▼▼▼

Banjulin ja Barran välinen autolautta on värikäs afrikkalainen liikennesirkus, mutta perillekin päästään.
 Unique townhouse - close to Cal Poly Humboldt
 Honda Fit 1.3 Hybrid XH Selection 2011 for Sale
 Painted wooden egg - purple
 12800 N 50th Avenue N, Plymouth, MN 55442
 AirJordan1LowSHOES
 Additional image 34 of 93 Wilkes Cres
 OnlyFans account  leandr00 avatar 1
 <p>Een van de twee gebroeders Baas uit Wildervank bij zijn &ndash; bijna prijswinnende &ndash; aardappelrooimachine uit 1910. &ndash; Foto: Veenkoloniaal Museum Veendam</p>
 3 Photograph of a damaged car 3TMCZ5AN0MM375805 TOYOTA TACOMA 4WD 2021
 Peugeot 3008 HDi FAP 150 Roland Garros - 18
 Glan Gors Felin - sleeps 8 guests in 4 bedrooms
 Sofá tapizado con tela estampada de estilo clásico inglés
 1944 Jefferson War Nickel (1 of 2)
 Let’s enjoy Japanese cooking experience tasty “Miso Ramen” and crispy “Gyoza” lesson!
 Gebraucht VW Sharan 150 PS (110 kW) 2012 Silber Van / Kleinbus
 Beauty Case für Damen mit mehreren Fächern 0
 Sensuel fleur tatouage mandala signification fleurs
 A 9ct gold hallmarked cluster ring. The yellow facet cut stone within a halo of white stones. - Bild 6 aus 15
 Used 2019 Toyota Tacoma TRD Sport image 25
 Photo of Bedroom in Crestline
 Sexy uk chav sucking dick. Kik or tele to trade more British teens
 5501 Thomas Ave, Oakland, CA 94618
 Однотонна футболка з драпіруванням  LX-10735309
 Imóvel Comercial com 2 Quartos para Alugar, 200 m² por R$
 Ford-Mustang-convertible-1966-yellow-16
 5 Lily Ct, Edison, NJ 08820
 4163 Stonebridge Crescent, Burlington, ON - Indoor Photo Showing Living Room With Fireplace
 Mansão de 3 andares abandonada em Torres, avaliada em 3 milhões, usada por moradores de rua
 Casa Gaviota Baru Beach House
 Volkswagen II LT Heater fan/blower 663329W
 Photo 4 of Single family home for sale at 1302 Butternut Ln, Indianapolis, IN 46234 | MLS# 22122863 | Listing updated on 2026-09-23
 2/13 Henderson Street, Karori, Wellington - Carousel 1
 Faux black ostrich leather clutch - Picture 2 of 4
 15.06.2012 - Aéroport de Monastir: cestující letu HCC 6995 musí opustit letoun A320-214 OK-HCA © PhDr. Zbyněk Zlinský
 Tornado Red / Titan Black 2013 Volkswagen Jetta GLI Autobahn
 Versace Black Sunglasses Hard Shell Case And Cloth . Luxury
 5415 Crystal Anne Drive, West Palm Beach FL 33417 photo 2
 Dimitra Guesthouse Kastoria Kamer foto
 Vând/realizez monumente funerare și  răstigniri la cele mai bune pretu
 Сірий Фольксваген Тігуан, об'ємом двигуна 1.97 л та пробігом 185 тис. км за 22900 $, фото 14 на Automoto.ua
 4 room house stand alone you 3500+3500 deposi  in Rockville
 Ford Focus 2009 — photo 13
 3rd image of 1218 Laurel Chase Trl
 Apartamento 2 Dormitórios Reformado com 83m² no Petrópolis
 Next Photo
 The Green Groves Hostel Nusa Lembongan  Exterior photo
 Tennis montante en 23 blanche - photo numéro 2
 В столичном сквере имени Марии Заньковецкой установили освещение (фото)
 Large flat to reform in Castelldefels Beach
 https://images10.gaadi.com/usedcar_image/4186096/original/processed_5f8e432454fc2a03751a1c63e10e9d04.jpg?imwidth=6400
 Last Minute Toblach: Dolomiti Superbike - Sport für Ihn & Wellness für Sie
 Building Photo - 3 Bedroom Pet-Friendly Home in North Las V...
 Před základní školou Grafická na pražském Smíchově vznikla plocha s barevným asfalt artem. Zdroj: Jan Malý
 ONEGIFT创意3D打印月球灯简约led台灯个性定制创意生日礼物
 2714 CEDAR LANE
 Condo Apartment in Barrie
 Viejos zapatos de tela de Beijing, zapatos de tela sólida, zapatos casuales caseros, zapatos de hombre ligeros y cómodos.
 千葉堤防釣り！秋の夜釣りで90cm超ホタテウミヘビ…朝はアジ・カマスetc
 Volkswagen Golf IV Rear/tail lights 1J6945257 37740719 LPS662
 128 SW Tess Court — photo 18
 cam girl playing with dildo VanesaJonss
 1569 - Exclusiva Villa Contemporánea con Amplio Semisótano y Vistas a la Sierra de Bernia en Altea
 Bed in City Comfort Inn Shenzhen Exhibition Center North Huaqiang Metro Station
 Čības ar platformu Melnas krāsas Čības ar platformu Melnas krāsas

▲▲▲

TASK INSTRUCTIONS >> Transcribe the records above with every character unchanged.

RESPONSE >>
Banjulin ja Barran välinen autolautta on värikäs afrikkalainen liikennesirkus, mutta perillekin päästään.
 Unique townhouse - close to Cal Poly Humboldt
 Honda Fit 1.3 Hybrid XH Selection 2011 for Sale
 Painted wooden egg - purple
 12800 N 50th Avenue N, Plymouth, MN 55442
 AirJordan1LowSHOES
 Additional image 34 of 93 Wilkes Cres
 OnlyFans account  leandr00 avatar 1
 <p>Een van de twee gebroeders Baas uit Wildervank bij zijn &ndash; bijna prijswinnende &ndash; aardappelrooimachine uit 1910. &ndash; Foto: Veenkoloniaal Museum Veendam</p>
 3 Photograph of a damaged car 3TMCZ5AN0MM375805 TOYOTA TACOMA 4WD 2021
 Peugeot 3008 HDi FAP 150 Roland Garros - 18
 Glan Gors Felin - sleeps 8 guests in 4 bedrooms
 Sofá tapizado con tela estampada de estilo clásico inglés
 1944 Jefferson War Nickel (1 of 2)
 Let’s enjoy Japanese cooking experience tasty “Miso Ramen” and crispy “Gyoza” lesson!
 Gebraucht VW Sharan 150 PS (110 kW) 2012 Silber Van / Kleinbus
 Beauty Case für Damen mit mehreren Fächern 0
 Sensuel fleur tatouage mandala signification fleurs
 A 9ct gold hallmarked cluster ring. The yellow facet cut stone within a halo of white stones. - Bild 6 aus 15
 Used 2019 Toyota Tacoma TRD Sport image 25
 Photo of Bedroom in Crestline
 Sexy uk chav sucking dick. Kik or tele to trade more British teens
 5501 Thomas Ave, Oakland, CA 94618
 Однотонна футболка з драпіруванням  LX-10735309
 Imóvel Comercial com 2 Quartos para Alugar, 200 m² por R$
 Ford-Mustang-convertible-1966-yellow-16
 5 Lily Ct, Edison, NJ 08820
 4163 Stonebridge Crescent, Burlington, ON - Indoor Photo Showing Living Room With Fireplace
 Mansão de 3 andares abandonada em Torres, avaliada em 3 milhões, usada por moradores de rua
 Casa Gaviota Baru Beach House
 Volkswagen II LT Heater fan/blower 663329W
 Photo 4 of Single family home for sale at 1302 Butternut Ln, Indianapolis, IN 46234 | MLS# 22122863 | Listing updated on 2026-09-23
 2/13 Henderson Street, Karori, Wellington - Carousel 1
 Faux black ostrich leather clutch - Picture 2 of 4
 15.06.2012 - Aéroport de Monastir: cestující letu HCC 6995 musí opustit letoun A320-214 OK-HCA © PhDr. Zbyněk Zlinský
 Tornado Red / Titan Black 2013 Volkswagen Jetta GLI Autobahn
 Versace Black Sunglasses Hard Shell Case And Cloth . Luxury
 5415 Crystal Anne Drive, West Palm Beach FL 33417 photo 2
 Dimitra Guesthouse Kastoria Kamer foto
 Vând/realizez monumente funerare și  răstigniri la cele mai bune pretu
 Сірий Фольксваген Тігуан, об'ємом двигуна 1.97 л та пробігом 185 тис. км за 22900 $, фото 14 на Automoto.ua
 4 room house stand alone you 3500+3500 deposi  in Rockville
 Ford Focus 2009 — photo 13
 3rd image of 1218 Laurel Chase Trl
 Apartamento 2 Dormitórios Reformado com 83m² no Petrópolis
 Next Photo
 The Green Groves Hostel Nusa Lembongan  Exterior photo
 Tennis montante en 23 blanche - photo numéro 2
 В столичном сквере имени Марии Заньковецкой установили освещение (фото)
 Large flat to reform in Castelldefels Beach
 https://images10.gaadi.com/usedcar_image/4186096/original/processed_5f8e432454fc2a03751a1c63e10e9d04.jpg?imwidth=6400
 Last Minute Toblach: Dolomiti Superbike - Sport für Ihn & Wellness für Sie
 Building Photo - 3 Bedroom Pet-Friendly Home in North Las V...
 Před základní školou Grafická na pražském Smíchově vznikla plocha s barevným asfalt artem. Zdroj: Jan Malý
 ONEGIFT创意3D打印月球灯简约led台灯个性定制创意生日礼物
 2714 CEDAR LANE
 Condo Apartment in Barrie
 Viejos zapatos de tela de Beijing, zapatos de tela sólida, zapatos casuales caseros, zapatos de hombre ligeros y cómodos.
 千葉堤防釣り！秋の夜釣りで90cm超ホタテウミヘビ…朝はアジ・カマスetc
 Volkswagen Golf IV Rear/tail lights 1J6945257 37740719 LPS662
 128 SW Tess Court — photo 18
 cam girl playing with dildo VanesaJonss
 1569 - Exclusiva Villa Contemporánea con Amplio Semisótano y Vistas a la Sierra de Bernia en Altea
 Bed in City Comfort Inn Shenzhen Exhibition Center North Huaqiang Metro Station
 Čības ar platformu Melnas krāsas Čības ar platformu Melnas krāsas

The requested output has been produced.